[Extracted records]
• • • •

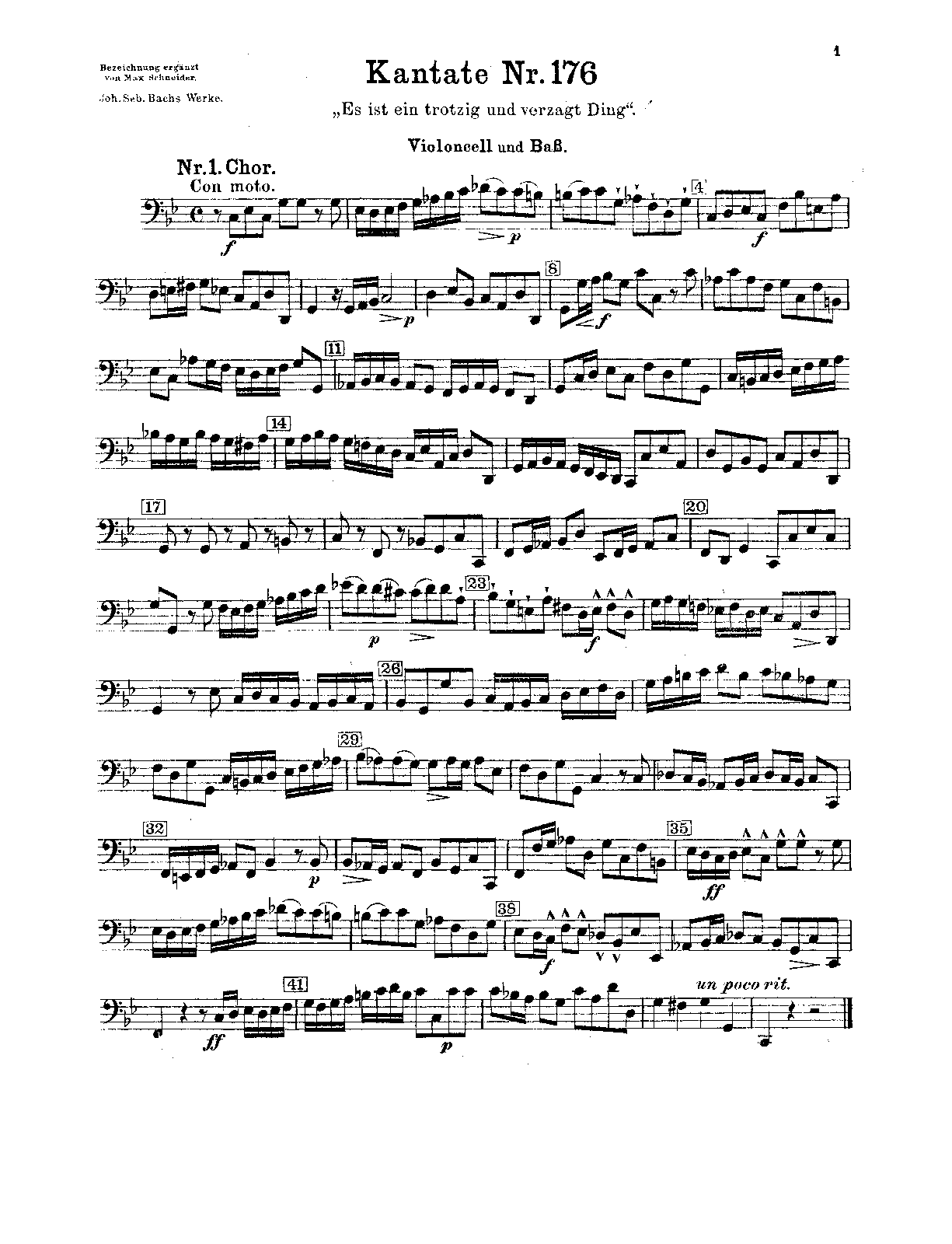 File:PMLP150089-Bach Es ist ein trotzig und verzagt Ding, BWV 176 - Cellos, Basses.pdf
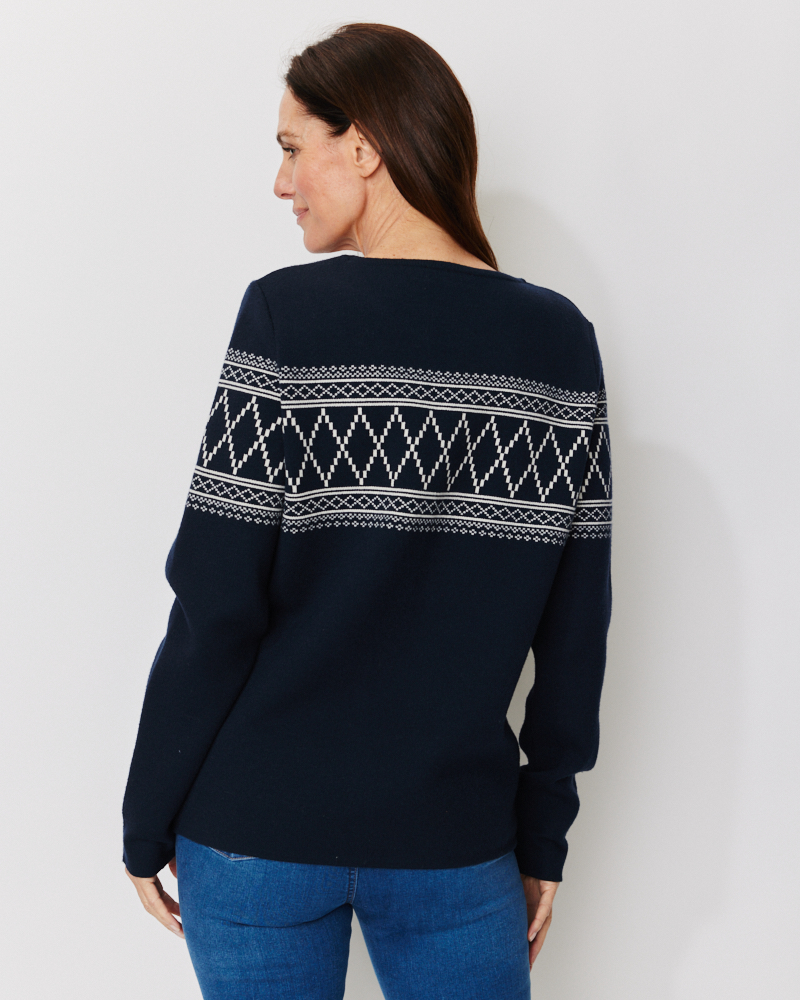 Norweger-Pulli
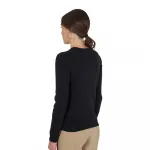 Толстовка Equestro Winter, черный - фото 2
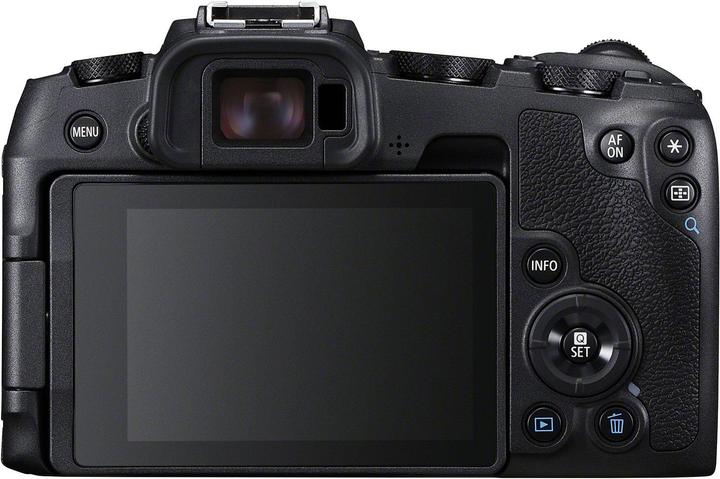 Actual product image Canon EOS RP Body + EF adapter (26.20 Mpx, Full frame)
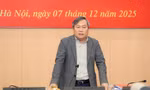 Chủ tịch Hà Nội: Triển khai thiết bị bay tầm thấp phục vụ kinh doanh, vận chuyển
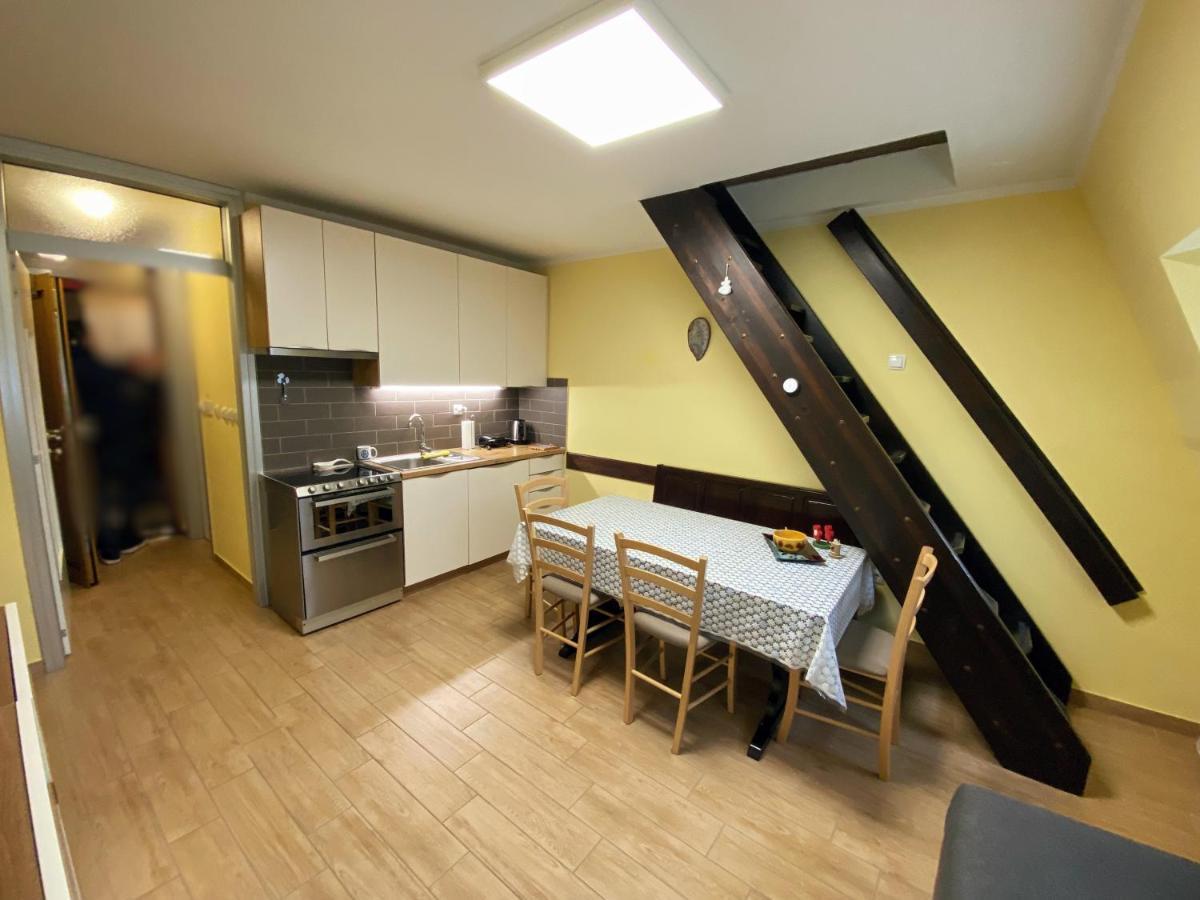 Cozy Apartment Бовец Экстерьер фото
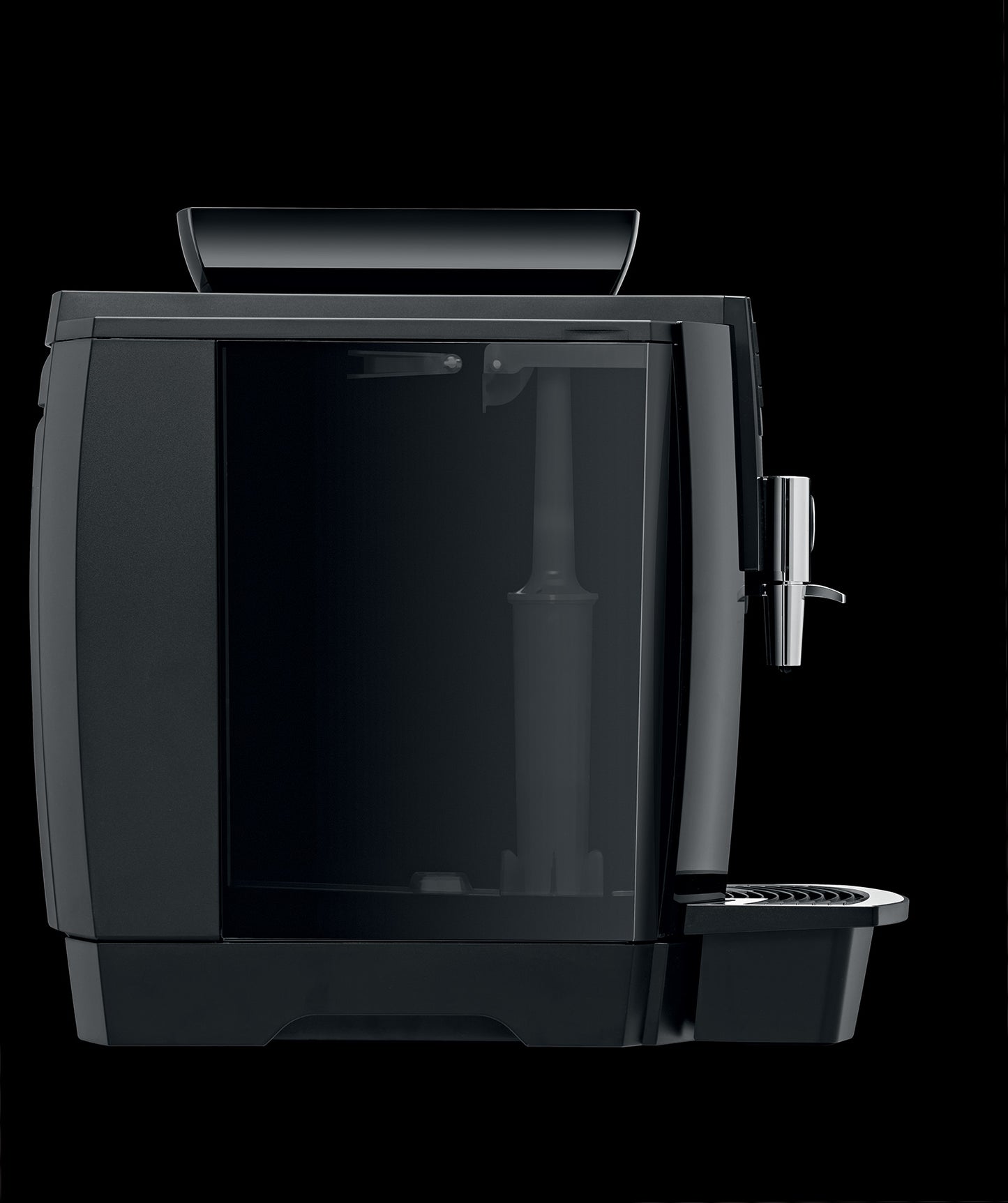 Jura WE6 Bean to Cup Coffee Machine - Up to 40 Cups Per Day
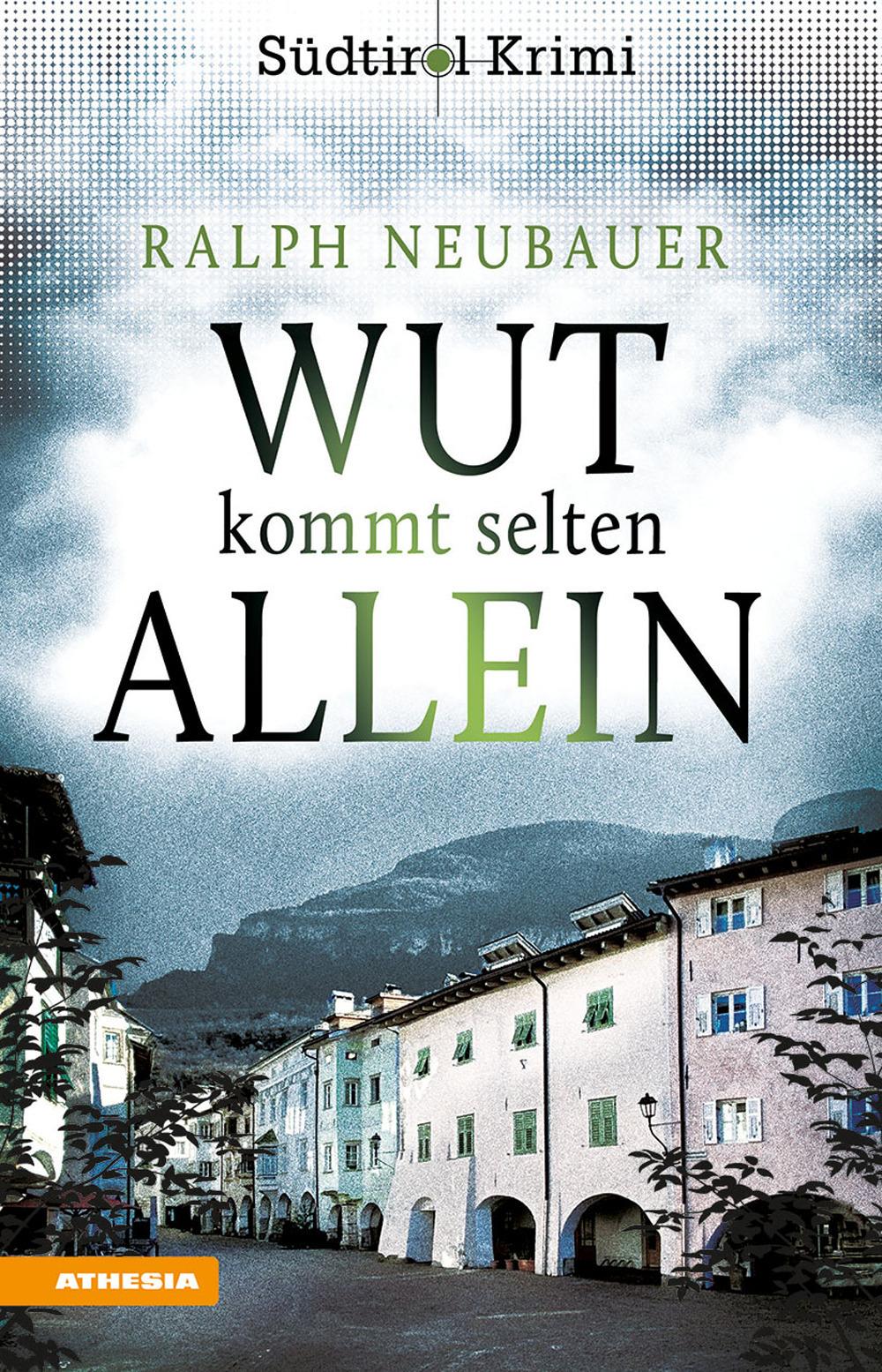 Vorderes Coverbild Wut kommt selten allein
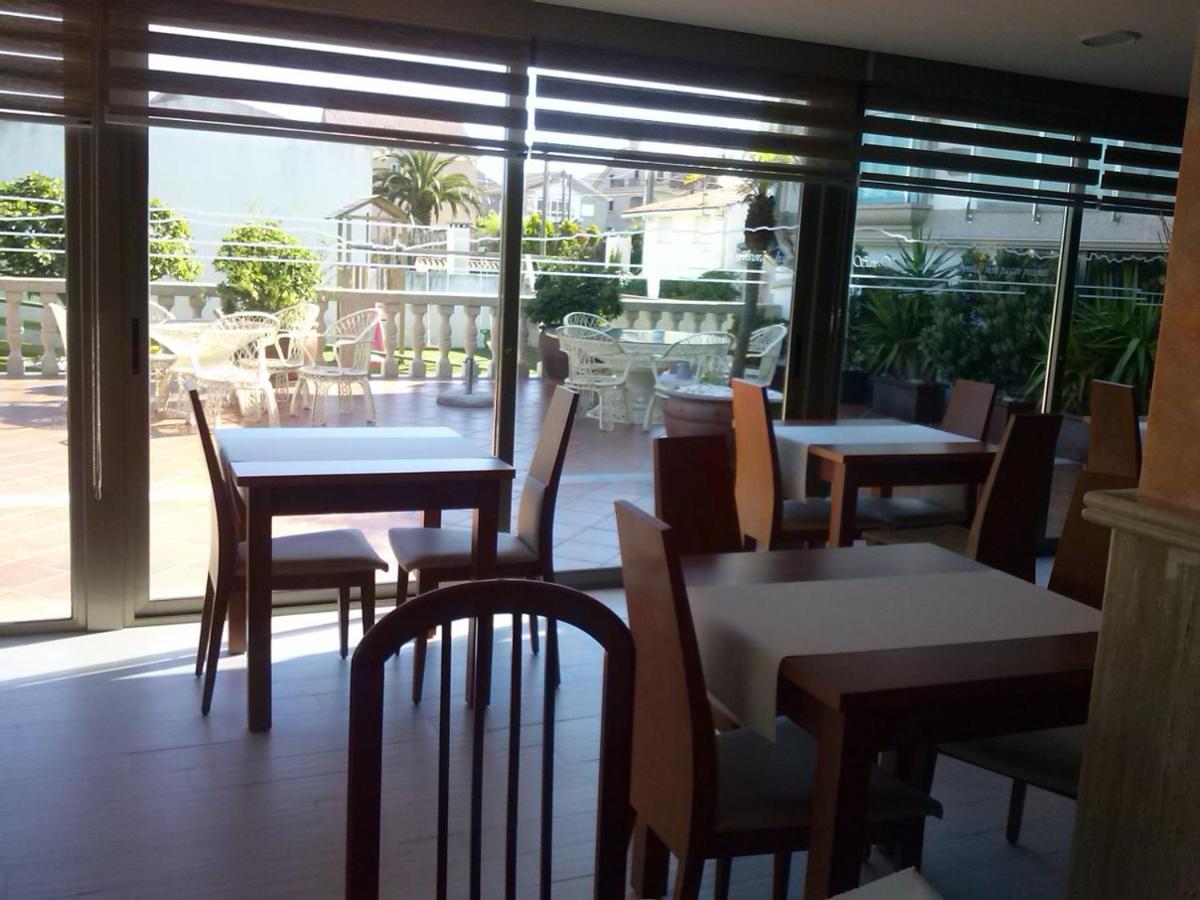Hotel Pineiro 2 Estrellas Superior Playa de la Lanzada Екстериор снимка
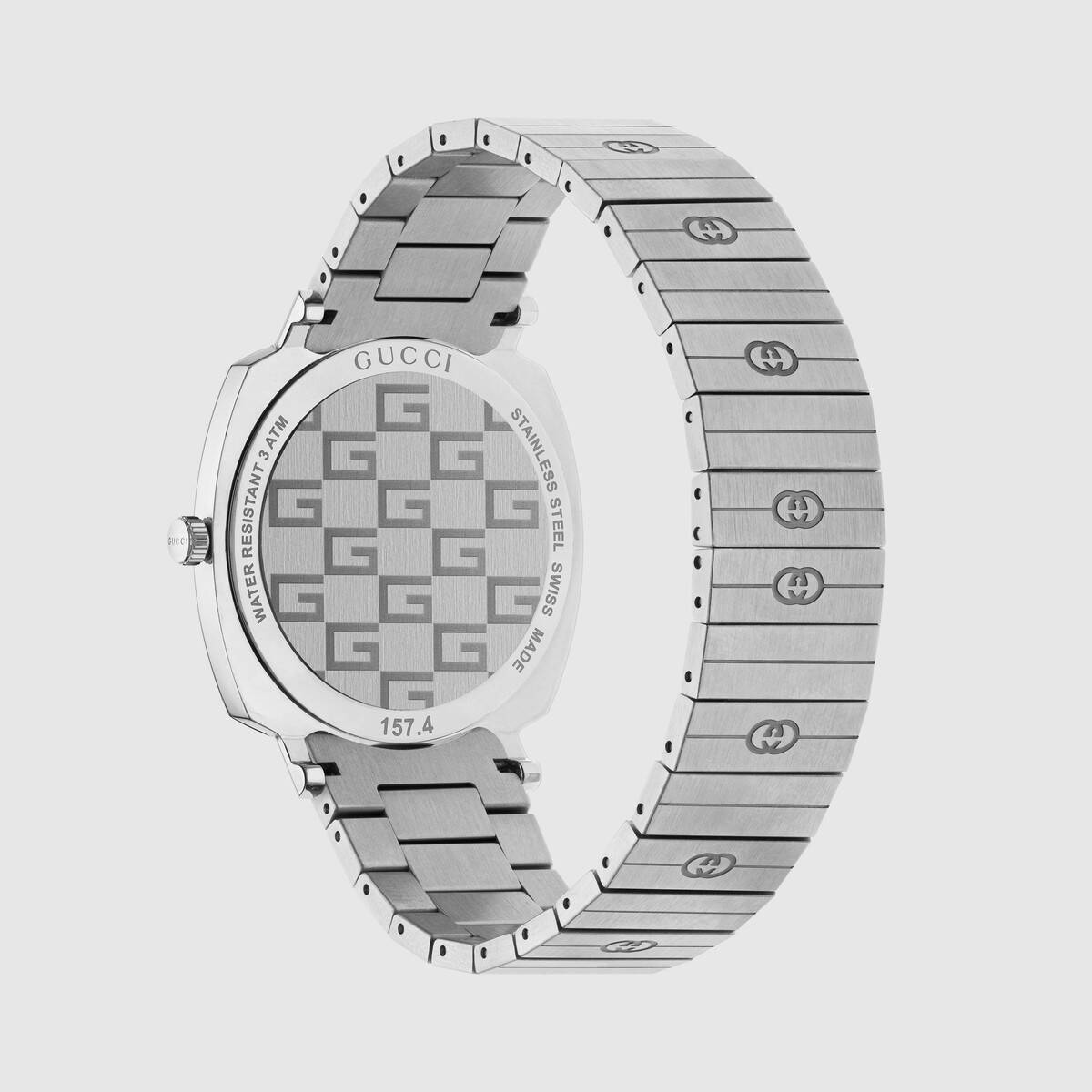 GUCCI Watch Grip - 38mm | YA157410 Wonders of Luxury - Gucci Watches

• • • •

» Activity:
Write the records above out again word for word, skipping each picture.

» Task result:
 File:PMLP150089-Bach Es ist ein trotzig und verzagt Ding, BWV 176 - Cellos, Basses.pdf
 Norweger-Pulli
 Толстовка Equestro Winter, черный - фото 2
 Actual product image Canon EOS RP Body + EF adapter (26.20 Mpx, Full frame)
 Chủ tịch Hà Nội: Triển khai thiết bị bay tầm thấp phục vụ kinh doanh, vận chuyển
 Cozy Apartment Бовец Экстерьер фото
 Jura WE6 Bean to Cup Coffee Machine - Up to 40 Cups Per Day
 Vorderes Coverbild Wut kommt selten allein
Hotel Pineiro 2 Estrellas Superior Playa de la Lanzada Екстериор снимка
 GUCCI Watch Grip - 38mm | YA157410 Wonders of Luxury - Gucci Watches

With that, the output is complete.